The announcements share a blind spot: electricity. Data centres, model training and crypto mining are among the most power-hungry activities an economy can take on, and the region is already short. Kazakhstan has run electricity deficits and rationing and openly worries about the load from crypto miners. Tajikistan endures winter shortages and has just raised power tariffs to plug an energy-sector hole. Uzbekistan’s gas-fired plants are under strain even as it imports more gas.

The headline is AI. The binding constraint is megawatts, and most of the new power will be built by Russia, China and South Korea.

That is the line connecting the digital push to the energy file, and it explains the rest of this week. Kazakhstan advanced energy and nuclear talks with South Korea, is building a Rosatom plant at Ulken and has lined up China’s CNNC for a second. Uzbekistan has started its own Rosatom plant. The digital ambition and the scramble for generation are the same project, seen from two ends.

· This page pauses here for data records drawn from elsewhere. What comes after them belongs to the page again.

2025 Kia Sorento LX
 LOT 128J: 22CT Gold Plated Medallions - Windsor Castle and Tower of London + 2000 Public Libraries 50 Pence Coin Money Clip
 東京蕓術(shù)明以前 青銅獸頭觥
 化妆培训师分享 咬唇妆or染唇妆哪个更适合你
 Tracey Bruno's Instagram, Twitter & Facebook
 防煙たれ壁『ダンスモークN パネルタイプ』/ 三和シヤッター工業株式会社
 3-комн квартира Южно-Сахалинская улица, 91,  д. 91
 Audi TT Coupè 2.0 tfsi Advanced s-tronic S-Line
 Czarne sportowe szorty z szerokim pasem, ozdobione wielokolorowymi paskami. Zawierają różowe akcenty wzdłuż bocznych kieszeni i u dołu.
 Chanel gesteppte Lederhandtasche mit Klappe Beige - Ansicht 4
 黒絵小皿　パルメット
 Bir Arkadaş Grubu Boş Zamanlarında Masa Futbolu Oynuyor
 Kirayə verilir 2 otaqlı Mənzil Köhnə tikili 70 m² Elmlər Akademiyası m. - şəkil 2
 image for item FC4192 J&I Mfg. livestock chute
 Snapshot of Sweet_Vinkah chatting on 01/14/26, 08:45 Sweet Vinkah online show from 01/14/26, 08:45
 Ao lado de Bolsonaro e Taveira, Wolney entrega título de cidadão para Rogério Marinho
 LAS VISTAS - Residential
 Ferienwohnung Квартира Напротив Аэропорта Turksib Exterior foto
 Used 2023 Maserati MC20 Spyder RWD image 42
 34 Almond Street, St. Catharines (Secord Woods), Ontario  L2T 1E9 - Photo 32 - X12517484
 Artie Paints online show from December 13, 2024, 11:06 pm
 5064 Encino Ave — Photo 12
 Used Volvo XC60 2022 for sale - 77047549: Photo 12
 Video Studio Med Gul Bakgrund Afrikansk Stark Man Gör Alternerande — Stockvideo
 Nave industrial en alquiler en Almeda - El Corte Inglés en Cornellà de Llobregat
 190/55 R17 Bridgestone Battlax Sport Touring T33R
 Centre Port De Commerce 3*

This is where Central Asia Wire would temper the launch-ceremony optimism. A fully digital Kazakhstan and a regional AI centre in Dushanbe both assume reliable power that does not yet exist, and the financing and technology for that power come overwhelmingly from Russia, China and now South Korea. The sovereignty pitch of a home-grown digital economy rests on imported reactors and foreign-built grids. The number to watch is not IT-export targets. It is installed megawatts, and who owns them.